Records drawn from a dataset
════════

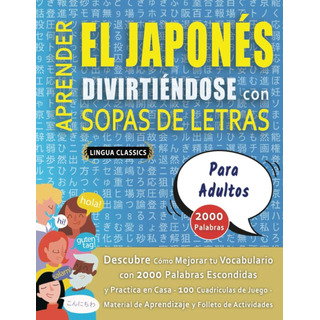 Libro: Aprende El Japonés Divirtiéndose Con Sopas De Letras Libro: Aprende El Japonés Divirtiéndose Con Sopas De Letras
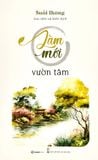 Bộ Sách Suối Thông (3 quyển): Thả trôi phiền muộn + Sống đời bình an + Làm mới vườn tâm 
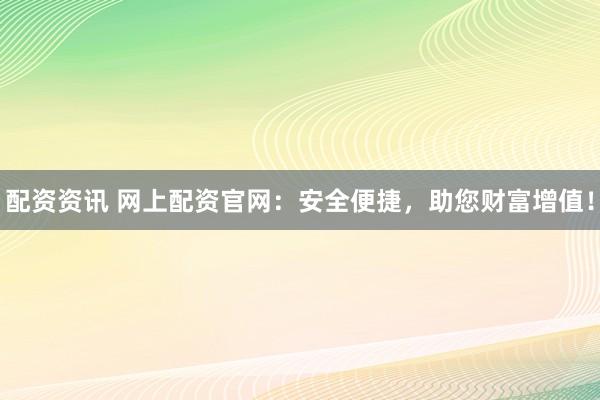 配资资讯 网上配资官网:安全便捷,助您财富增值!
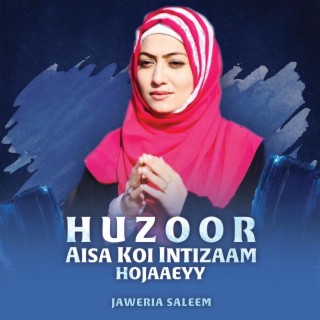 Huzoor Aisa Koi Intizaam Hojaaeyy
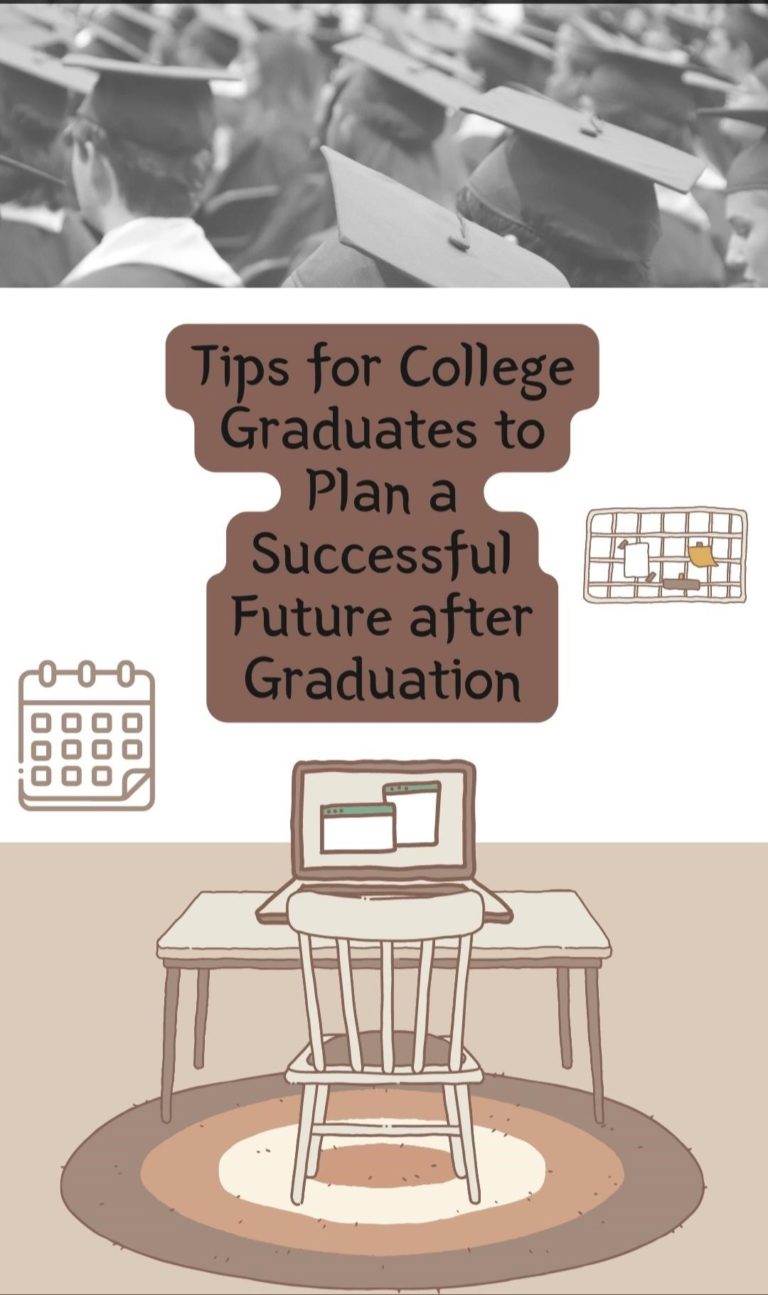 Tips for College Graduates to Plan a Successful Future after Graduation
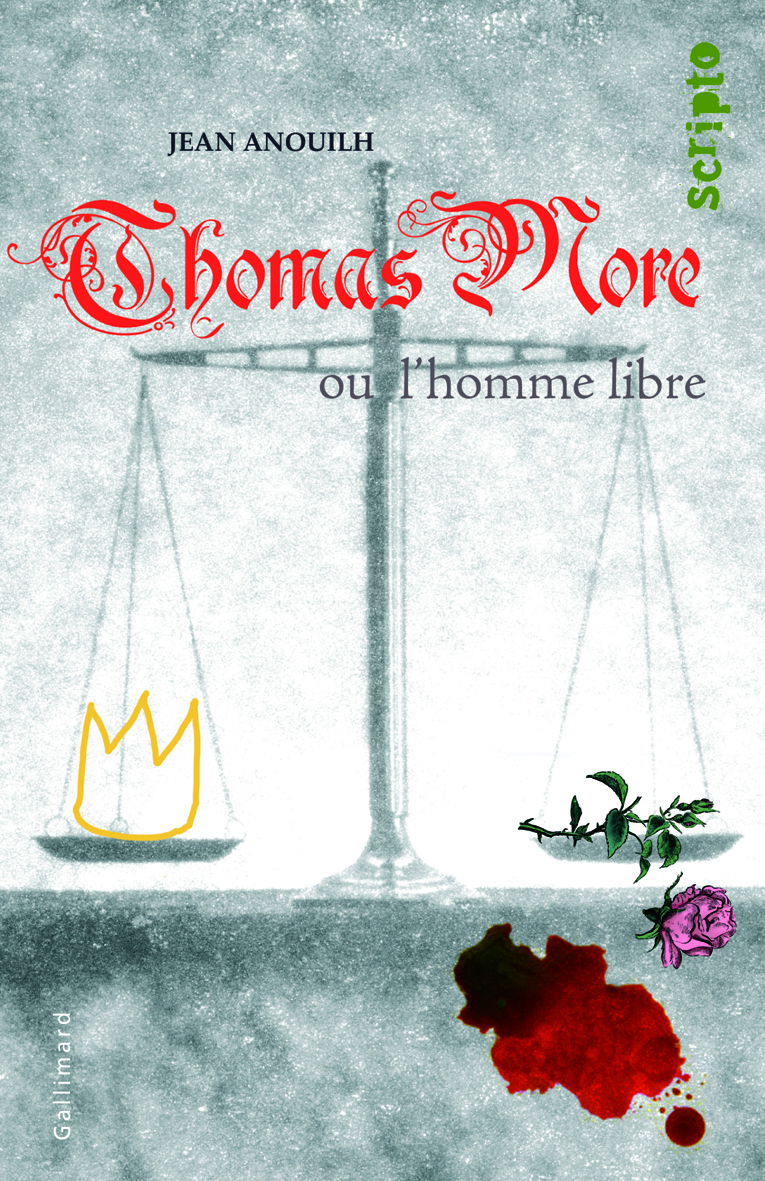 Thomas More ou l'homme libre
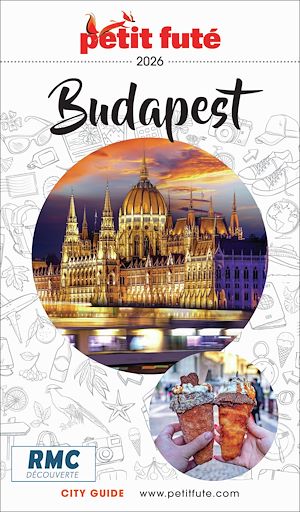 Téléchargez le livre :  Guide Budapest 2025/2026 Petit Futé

════════

What the task requires
Every entry belongs in the answer exactly as written, but no picture does.

Completed task
 Libro: Aprende El Japonés Divirtiéndose Con Sopas De Letras Libro: Aprende El Japonés Divirtiéndose Con Sopas De Letras
 Bộ Sách Suối Thông (3 quyển): Thả trôi phiền muộn + Sống đời bình an + Làm mới vườn tâm 
 配资资讯 网上配资官网:安全便捷,助您财富增值!
 Huzoor Aisa Koi Intizaam Hojaaeyy
 Tips for College Graduates to Plan a Successful Future after Graduation
 Thomas More ou l'homme libre
 Téléchargez le livre :  Guide Budapest 2025/2026 Petit Futé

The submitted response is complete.